WHAT YOU NEED TO DO —
Leaving the images out, output each entry below exactly.

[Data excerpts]
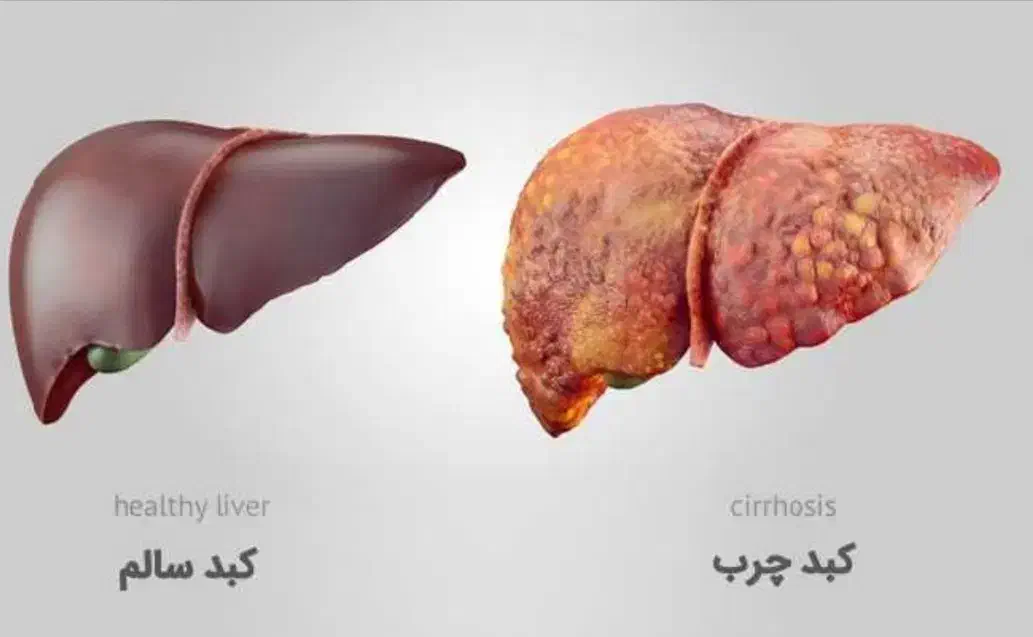 کمک به بهبود کبد چرب|آرایشی، بهداشتی، درمانی|کلاله, |دیوار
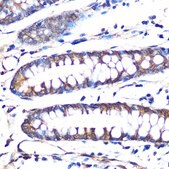 Anti-Aromatase (CYP19A1) Antibody, clone 5C5N7, Rabbit Monoclonal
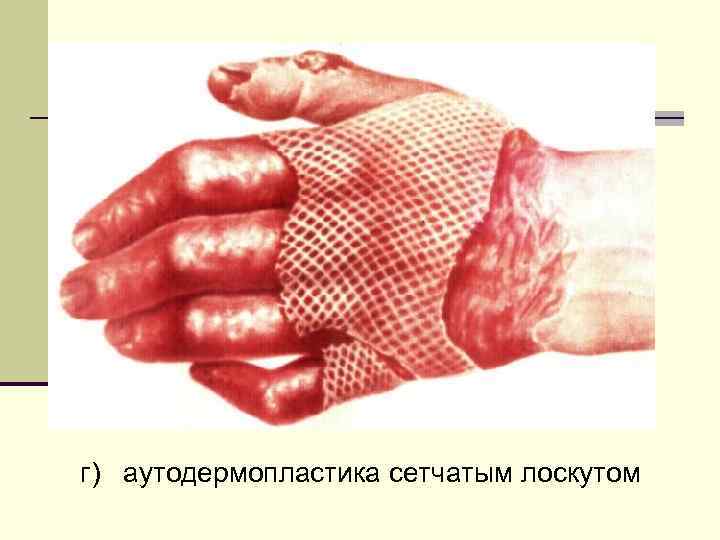 г) аутодермопластика сетчатым лоскутом 
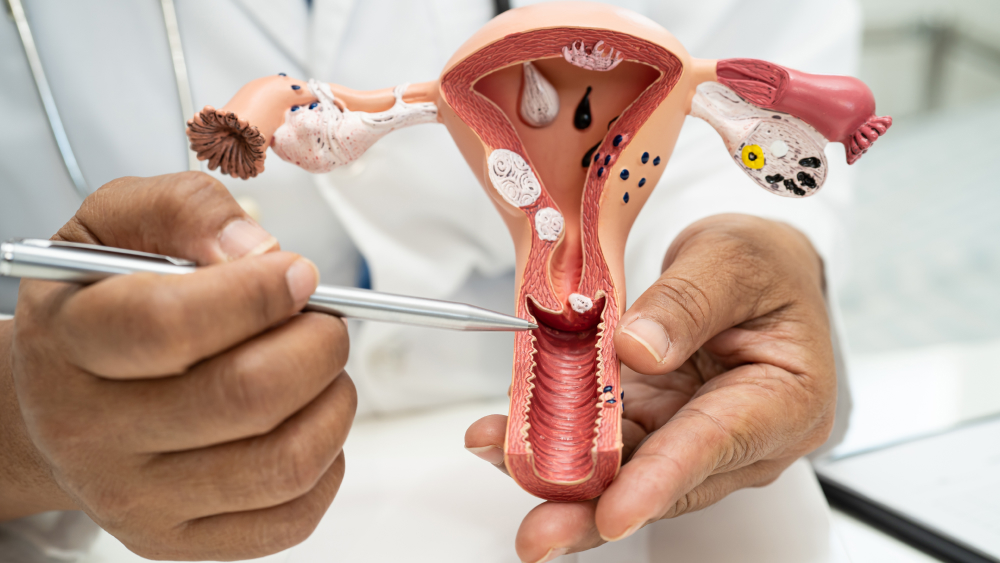 Laparoscopic Myomectomy: Preserving Fertility with Minimally Invasive Techniques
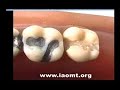 Smoking Teeth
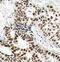 BRCA1 DNA Repair Associated antibody, GTX38676, GeneTex, Immunohistochemistry paraffin image 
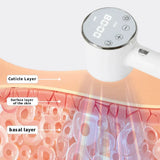 308nm Vitiligo Psoriasis Skin Treatment Lamp UVB Ultraviolet Phototherapy Instrument Skin Treatment Anti Vitiligo Psoriasis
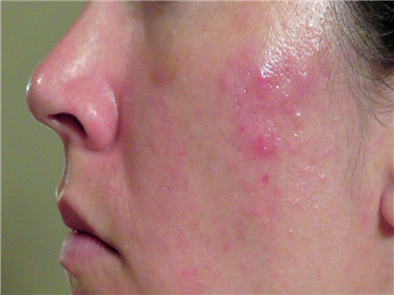 Các tiêu chí lựa chọn bệnh viện da liễu trị mụn uy tín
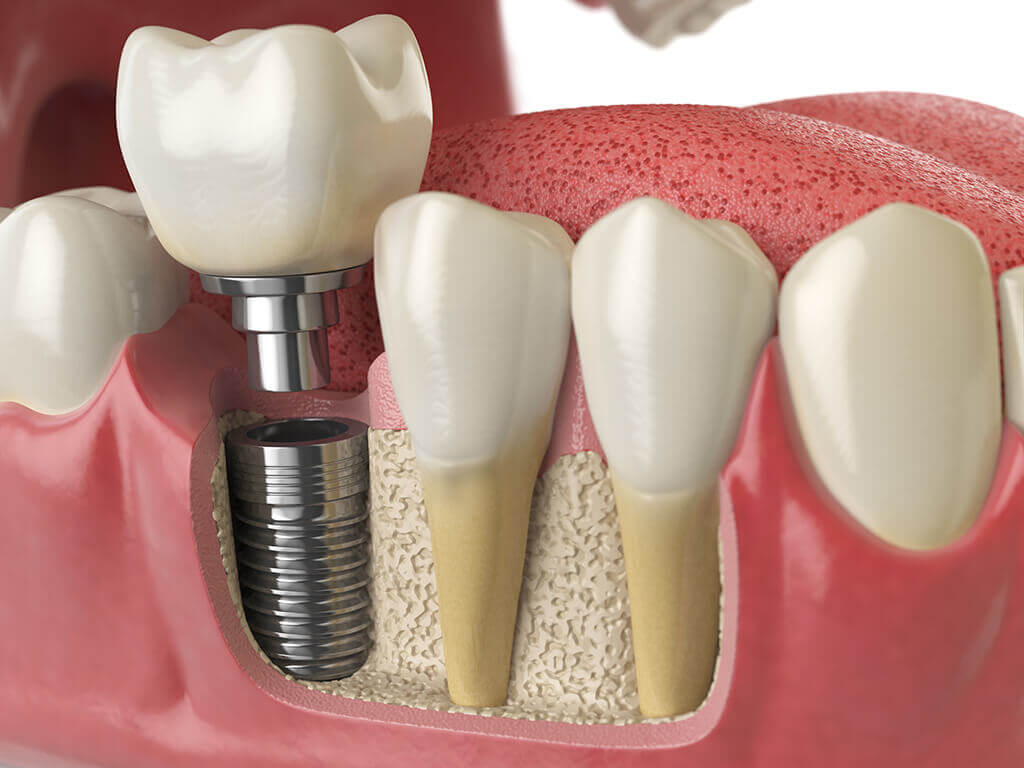 Tot ce trebuie să știți despre avantajele implanturilor dentare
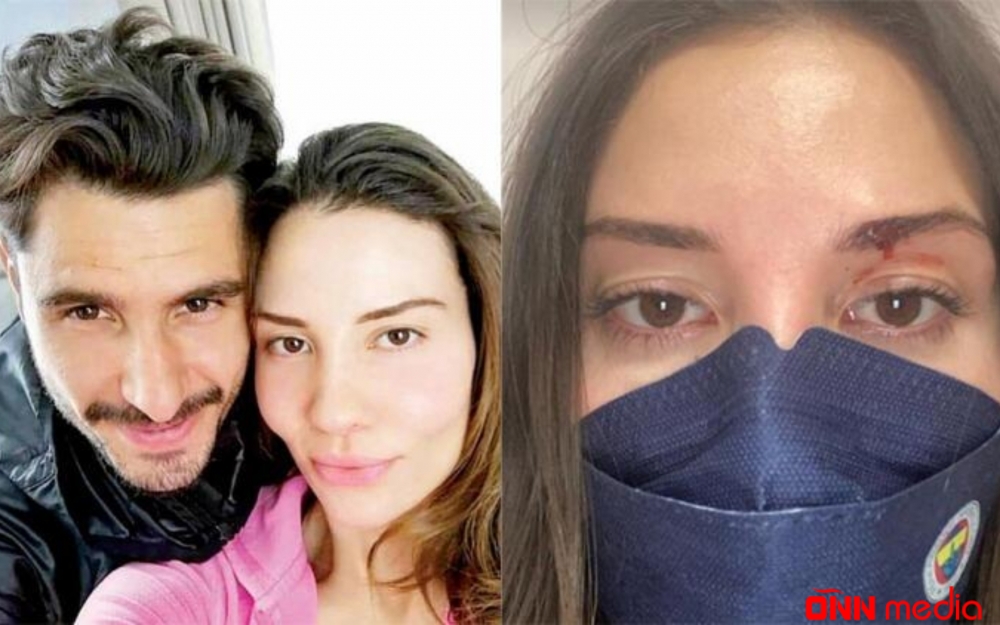 Boşanmaqdan imtina etmişdi, şiddətə məruz qaldı
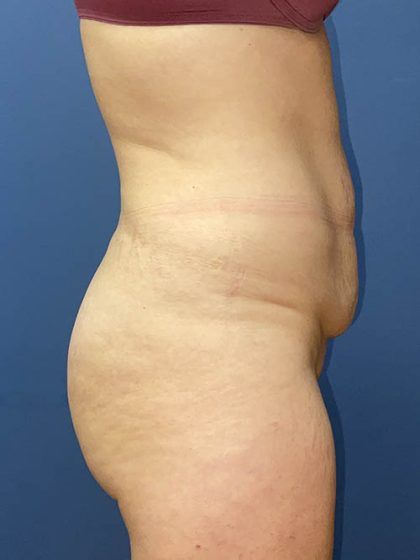 Tummy Tuck Before & After
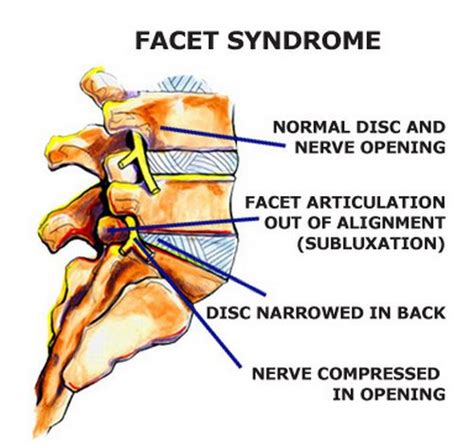 Facet Arthropathy - Definition, (lumbar, cervical, mild, moderate ...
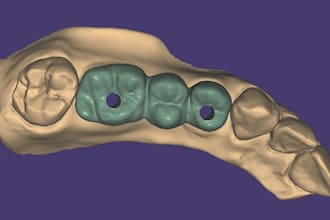 design dental crowns ,bridges ,implant and veneer cases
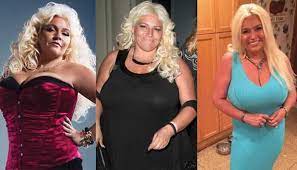 And chelsea clinton is one of them, another common thing on this plastic surgery is the politic that comes behind it where everyone that does plastic surgery always tries to cover and denies that they are really did plastic surgery. Beth Chapman Plastic Surgery Before And After Pictures 2021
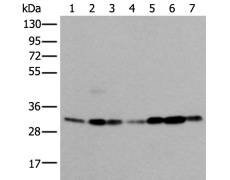 兔抗VDAC1多克隆抗体 
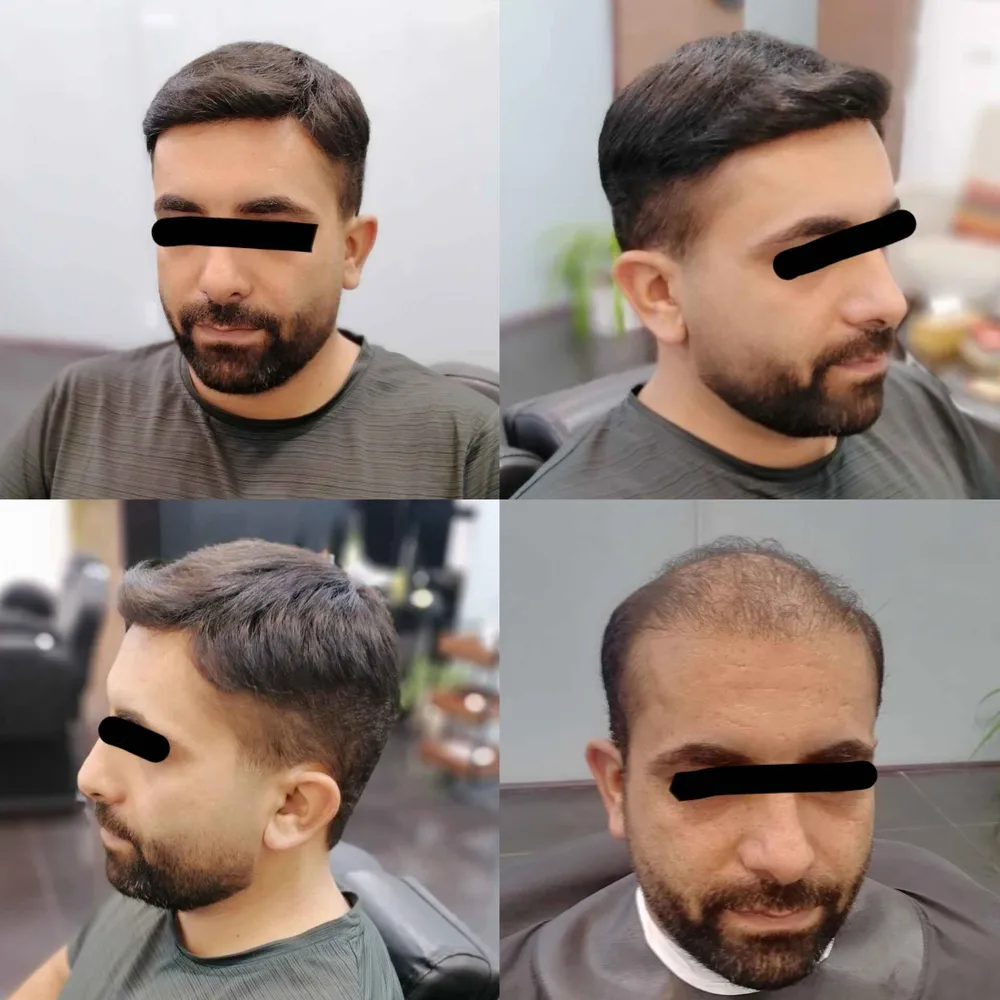 پروتز مو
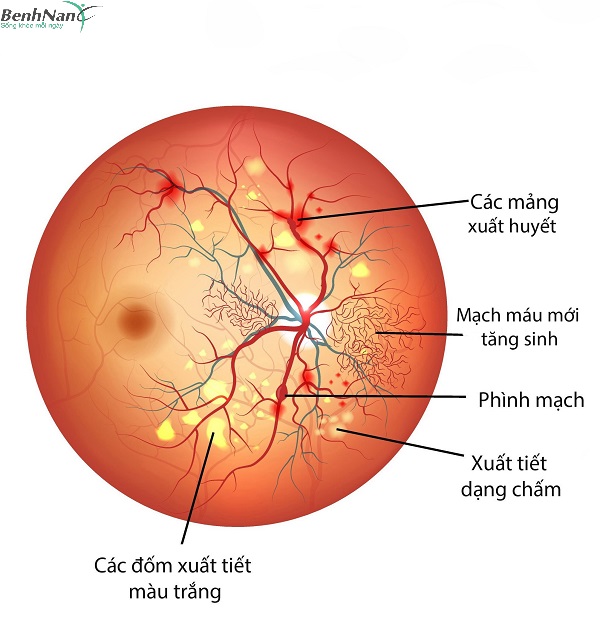 Tiểu đường gây mờ mắt
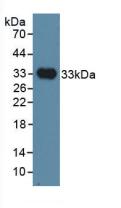 Polyclonal Antibody to Immunoglobulin superfamily, member 1 (IGSF1)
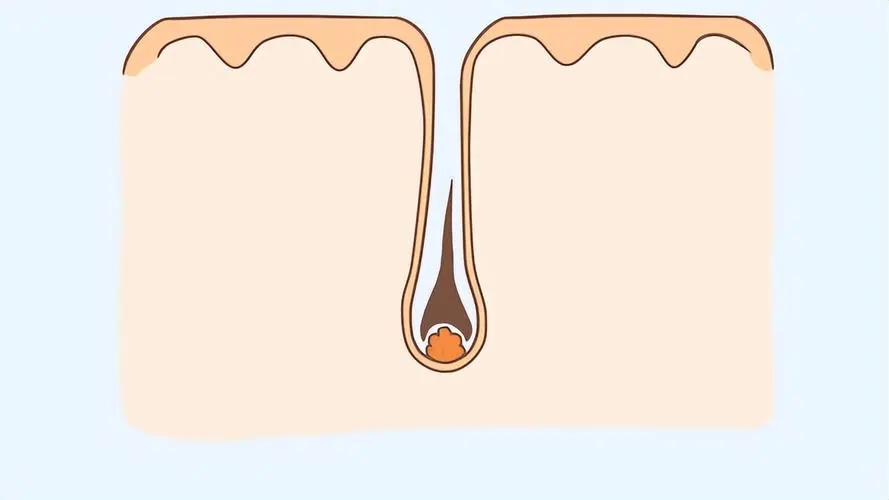 阴毛有什么用，要不要刮掉？阴毛的变化可能暗示什么疾病？望了解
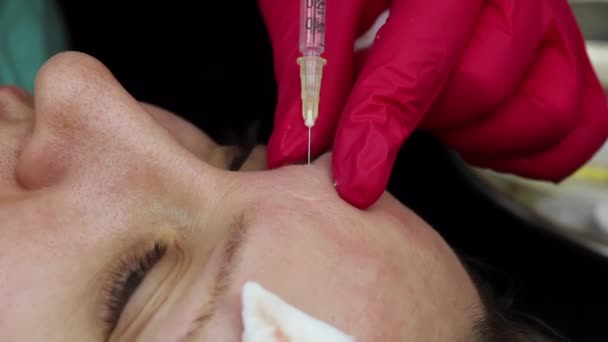 Botulinumtoxin Präparate Schönheit Injektion Arzt Injektionen Den Figurativen Teil Des — Stockvideo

RESPONSE BELOW —
 کمک به بهبود کبد چرب|آرایشی، بهداشتی، درمانی|کلاله, |دیوار
 Anti-Aromatase (CYP19A1) Antibody, clone 5C5N7, Rabbit Monoclonal
 г) аутодермопластика сетчатым лоскутом 
 Laparoscopic Myomectomy: Preserving Fertility with Minimally Invasive Techniques
 Smoking Teeth
 BRCA1 DNA Repair Associated antibody, GTX38676, GeneTex, Immunohistochemistry paraffin image 
 308nm Vitiligo Psoriasis Skin Treatment Lamp UVB Ultraviolet Phototherapy Instrument Skin Treatment Anti Vitiligo Psoriasis
 Các tiêu chí lựa chọn bệnh viện da liễu trị mụn uy tín
 Tot ce trebuie să știți despre avantajele implanturilor dentare
 Boşanmaqdan imtina etmişdi, şiddətə məruz qaldı
 Tummy Tuck Before & After
 Facet Arthropathy - Definition, (lumbar, cervical, mild, moderate ...
 design dental crowns ,bridges ,implant and veneer cases
 And chelsea clinton is one of them, another common thing on this plastic surgery is the politic that comes behind it where everyone that does plastic surgery always tries to cover and denies that they are really did plastic surgery. Beth Chapman Plastic Surgery Before And After Pictures 2021
 兔抗VDAC1多克隆抗体 
 پروتز مو
 Tiểu đường gây mờ mắt
 Polyclonal Antibody to Immunoglobulin superfamily, member 1 (IGSF1)
 阴毛有什么用，要不要刮掉？阴毛的变化可能暗示什么疾病？望了解
 Botulinumtoxin Präparate Schönheit Injektion Arzt Injektionen Den Figurativen Teil Des — Stockvideo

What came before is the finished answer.